The “lucky little rocket” Vega continues to survive and even prosper in spite of its great expense. At the Reinventing Space (RISPACE) conference, held in Oxford in November, Markus Bertschi, Head of Exploitation and Launch Ranges at ESA’s Directorate of Launchers, made a strong defence of ESA’s Vega launch vehicle and its Vega-C successor. While accepting that its €40 million launch price was expensive relative to other rockets, he rebutted the perception that most Vega launches booked were for ESA, noting that only two of five launches flown to date were actually for the agency.
Bertschi explained that he did expect competition for Vega to increase as new lower cost launchers came on line but, for the time being, it had few significant competitors with the only significant one at present being Rokot. While he declined to give full details, Bertschi said that of the 10 Vega rockets recently ordered for construction, nine of these launches already had customers to carry a total of 11 spacecraft Bertshi also noted that the market in Vega’s payload range class to Sun-synchronous orbits was much bigger than had originally been expected at double what ESA had projected 15 years ago. This change he attributed mainly due to due to the increase in Earth Observation mission payloads. Vega’s survival, via the new Vega-C version, was greatly aided by the new Ariane 6 design since its solid boosters are, in effect, the same as the first stage of the Vega-C. Nevertheless, while Vega-C can carry twice the payload of the current Vega for the same launch price, it faces competition from a number of new launch vehicles.
With respect to Ariane 6, being developed as the main workhorse rocket in the Arianespace stable, Silvio Sandrone, Vice President Stategic Partnerships at Airbus Safran Launchers, noted that, for the time being, this would be expendable. Research into possible reusable options remained ongoing. He accepted that Ariane 6’s boosters would probably have to be made into reusable fly-back types if a reusable first stage was to be economically employed.
In the wings, hoping to become Ariane 6’s successor, is the British Reaction Engine’s single-stage-to-orbit Skylon space plane concept and its SABRE air-breathing rocket technology.
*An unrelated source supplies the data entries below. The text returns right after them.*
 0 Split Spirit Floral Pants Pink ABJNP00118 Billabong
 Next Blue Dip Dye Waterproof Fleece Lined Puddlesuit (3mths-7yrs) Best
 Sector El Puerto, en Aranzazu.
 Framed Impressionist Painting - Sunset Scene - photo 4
Sandrone declared himself an admirer of the SABRE engine design, though he openly wondered whethera multi-stage approach using the engine might be better than going for a single-stage-to-orbit vehicle
While new vertically launched rockets such as the Angara-A1 and Soyuz 2-1v are expected to cut into Vega’s main market, some smaller low-cost rockets may attack it at the smaller end of the payload range, including the Firefly Alpha (BIS-RS-2015-64). This new LOx (Liquid Oxygen)/Kerosene burning rocket uses an unusual multi-burner/aerospike arrangement on the first stage. Possible small launcher designs were also mooted by Yuzhnoe (BIS-RS-2015-33) at the RISPACE conference.
While Virgin Galactic’s LauncherOne has gained most publicity as a new air-launched rocket, it is not just aircraft that may be used for carrying such launch vehicles. Some organisations are also considering air launches using balloons (such as Zero2Infinity’s Bloostar) or even airships (BIS-RS-2015-76).
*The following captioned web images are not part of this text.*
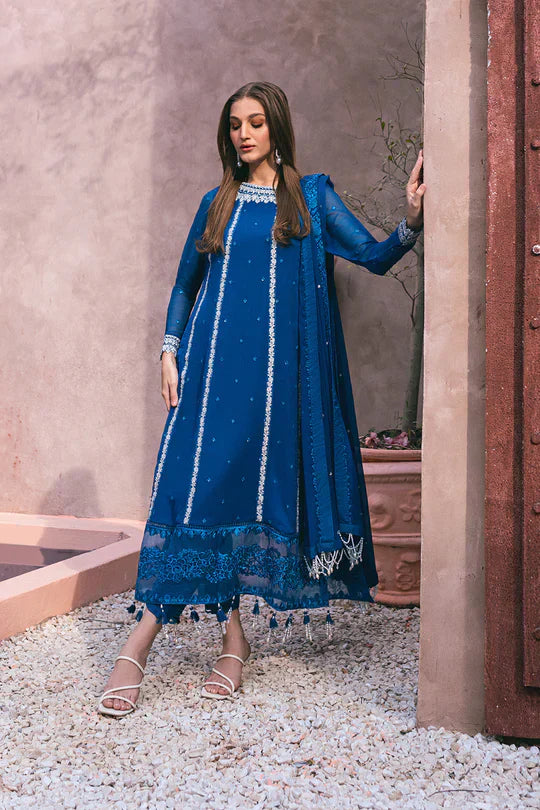 Azure | Embroidered Ensembles 3 Pcs | Radiant Sky - Riwayat-e-Khas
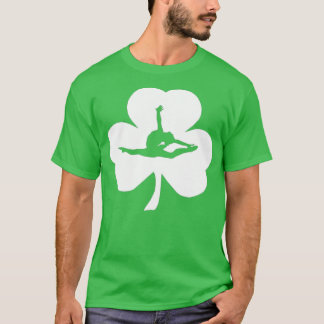 Gymnast Irish Shamrock Gymnastics St Patricks T-shirt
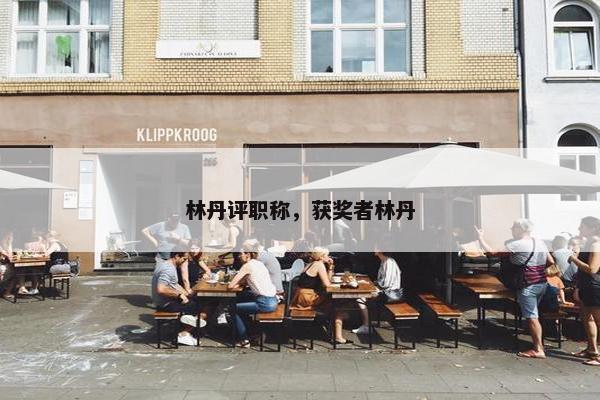 林丹评职称，获奖者林丹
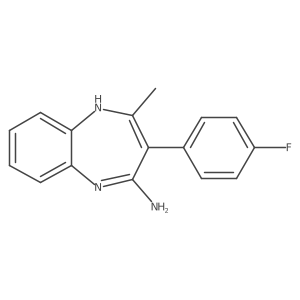 3-(4-fluorophenyl)-4-methyl-1H-1,5-benzodiazepin-2-amine Structure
In the field of micro-launchers, Charles Lauer, of Rocketplane, which is emerging from bankruptcy,, explained plans to air launch small rockets that would detach at supersonic speeds from the central hard point of an ex-Italian Air Force F-104S Starfighter jet. Payload to sun-synchronous orbit is expected to be 20kg. With respect to vertical launch types, the use of hybrid engines was also reported as being considered for Nammo’s North Star rocket family (BIS-RS-2015-16).
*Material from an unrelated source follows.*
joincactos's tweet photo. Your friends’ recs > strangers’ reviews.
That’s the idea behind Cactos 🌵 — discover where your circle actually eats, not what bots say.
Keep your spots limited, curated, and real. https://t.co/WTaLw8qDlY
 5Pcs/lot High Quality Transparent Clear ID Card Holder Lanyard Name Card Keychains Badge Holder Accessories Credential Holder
More radical suggestions for launching satellites ranged from electromagnetic guns to space elevators, using magnetic levitation and a half loop of tubing (BIS-RS-2015-30). Perhaps most bizarre of all was the so-called “Electric Rocket” concept (BIS-RS-2015-79) described by Andrew Bacon of Thales Alenia Space. It uses beamed microwaves to remotely power a launch vehicle, albeit with the downside that the microwave beam and its side-lobes would effectively cook anything in them (e.g. birds, aircraft passengers). More reassuringly, earth banks would be used to protect near observers from the ground transmitters, while the beam itself would be relatively narrow and only track the transponder aboard the vehicle. No fly zone warnings would, of course, be given to nearby air traffic if not to our feathered friends.
The other downside of the “Electric Rocket” was that the system needed multiple gigawatts of power – equating to 6% of the entire power generation capability of the UK – to launch a 200kg payload to LEO. All things being equal, it could be back to the drawing board for that one.